Mau saga needs long-term solution

A section of Mau Forest
A section of Mau Forest. The eviction of those residing in Mau Forest is back in the news yet again. FILE PHOTO | NMG 

The eviction of those residing in Mau Forest is back in the news yet again. The issue has occupied that preeminent place for close to two decades now. My first formal engagement with the public discussions around the issues was a strategy discussion in the early 2000s with a group of lawyers who were opposing excision of the Mau forest complex.

Colleagues from Tanzania added to the opposition pointing out that the forest was important not just for Kenya but the entire region.

In 2019, after a Task Force Report, establishment of a Water Towers Agency, constitutional recognition of the importance of forests the problem will not just fade away. Mau has even been a campaign issue for the country’s presidential election. The need for conserving the forest and dealing with human encroachment needs no belaboring.

Anybody who does not appreciate that the Forest is a critical water tower, has huge environmental implication and requires to be conserved either is completely naïve or completely unwell. In addition, the importance of ensuring that human beings who get evicted should not be mistreated is also firmly settled and anchored in the country’s laws. The Land Act was even amended to provide for detailed guidelines on evictions whose rationale were to guarantee protection of fundamental rights and ensure humane treatment during the eviction process.

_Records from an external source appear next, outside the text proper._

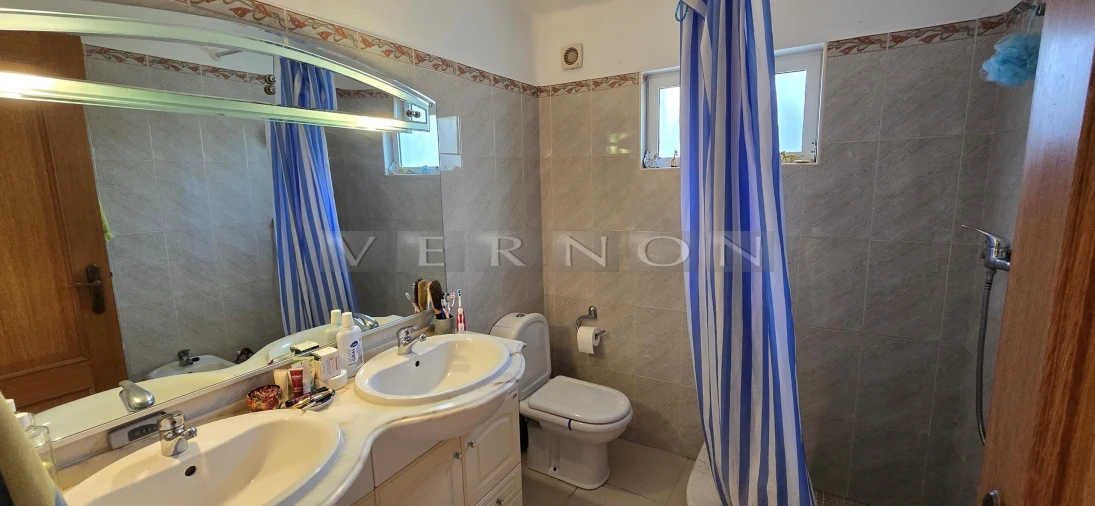 Moradia T4 para Venda em Lagoa e Carvoeiro Foto 29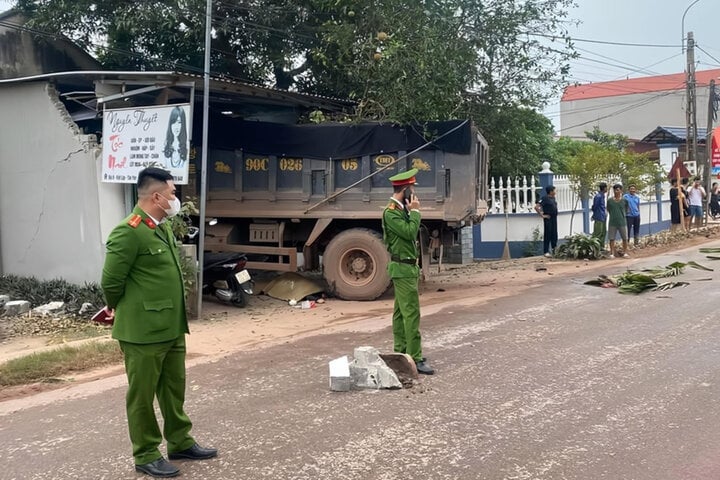 Bắc Giang: Xe tải tông vào quán gội đầu, 4 người thương vong - Ảnh 1.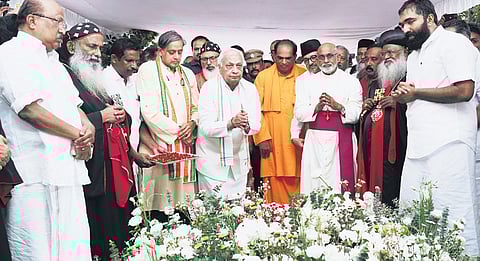 Governor Arif Mohammed Khan offers tributes at the tomb of former Chief Minister Oommen Chandy at St George Orthodox Church in Puthuppally on Thursday in the presence of MP Shashi Tharoor, MLA Chandy Oommen and Catholicos Baselios Marthoma Mathews III, supreme head of Malankara Orthodox Syrian Church
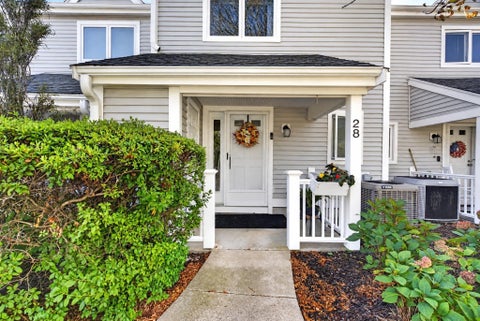 Photo of 28 Westcliff Dr #28, Plymouth, MA 02360 (MLS # 73592589)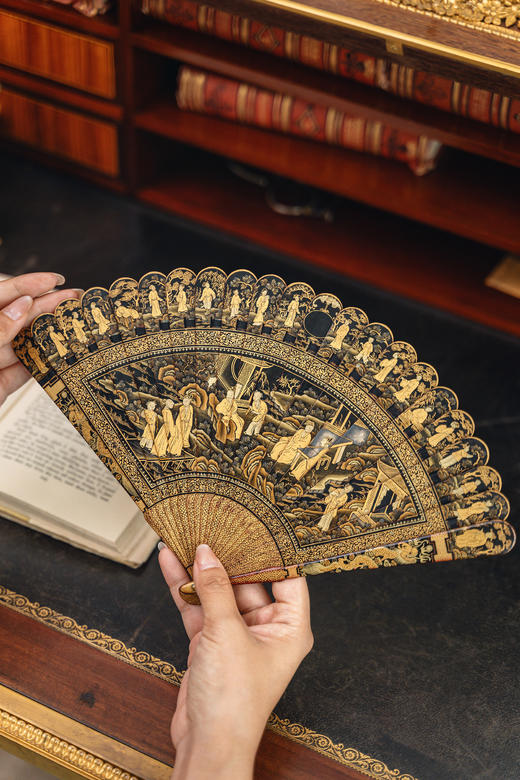 【已售】独角鹿西洋古董19世纪中国清代广东十三行出品东方庭园人物主题黑漆描金手绘竹扇骨折扇 商品图3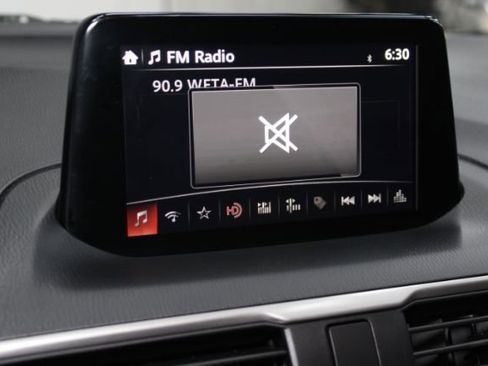 Used 2017 MAZDA MAZDA3 Sport w/ Preferred Equipment Package image 15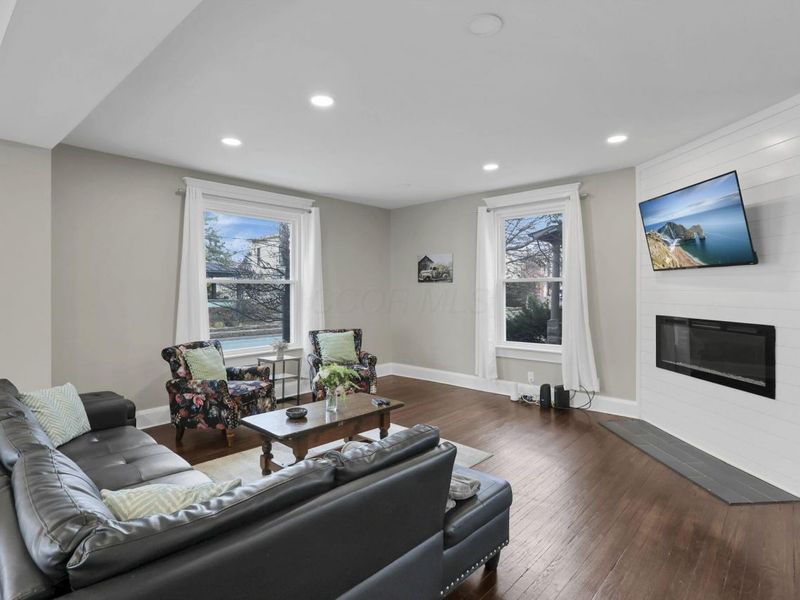 115 W Central Avenue , Delaware, OH 43015 Photo 10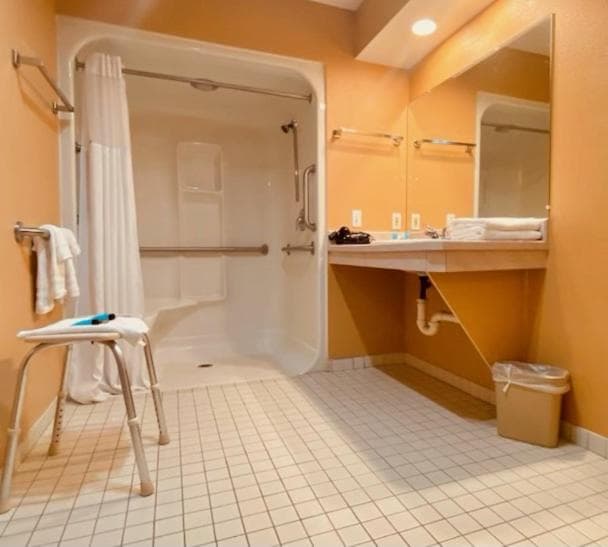 Rosewood Inn & Suites interior in Roseburg, OR — gallery photo 2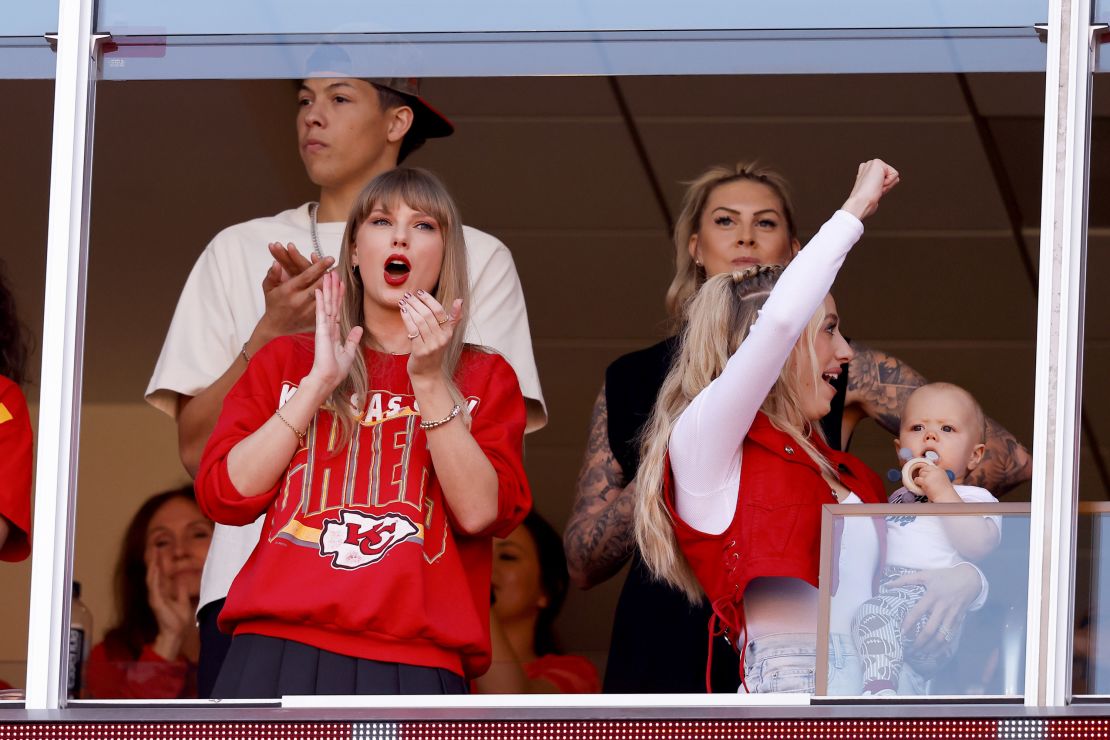 KANSAS CITY, MISSOURI - OCTOBER 22: Taylor Swift and Brittany Mahomes cheer during a game between the Los Angeles Chargers and Kansas City Chiefs at GEHA Field at Arrowhead Stadium on October 22, 2023 in Kansas City, Missouri. (Photo by David Eulitt/Getty Images)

However, the greatest challenge in the entire process is the place of politics. Our penchant as a country of politicising every issue continues to be our Achilles heels. Watching politicians this past week debate the matter, one easily appreciates that until we have honesty in our political discourse the issue may not fizzle away soon.


The debate has unfortunately been reduced to a contestation of ethnicity, a claim of pursuit of a personal agenda by Environment Secretary Keriako Tobiko and a continuation in the path of settling political scores.

Resolving this issue should be fairly straight forward. The country needs to fully decide whether their commitment to forest conservation is genuine or not. Having made that decision, there is need to honestly determine whether the people in question are living on forest land or not.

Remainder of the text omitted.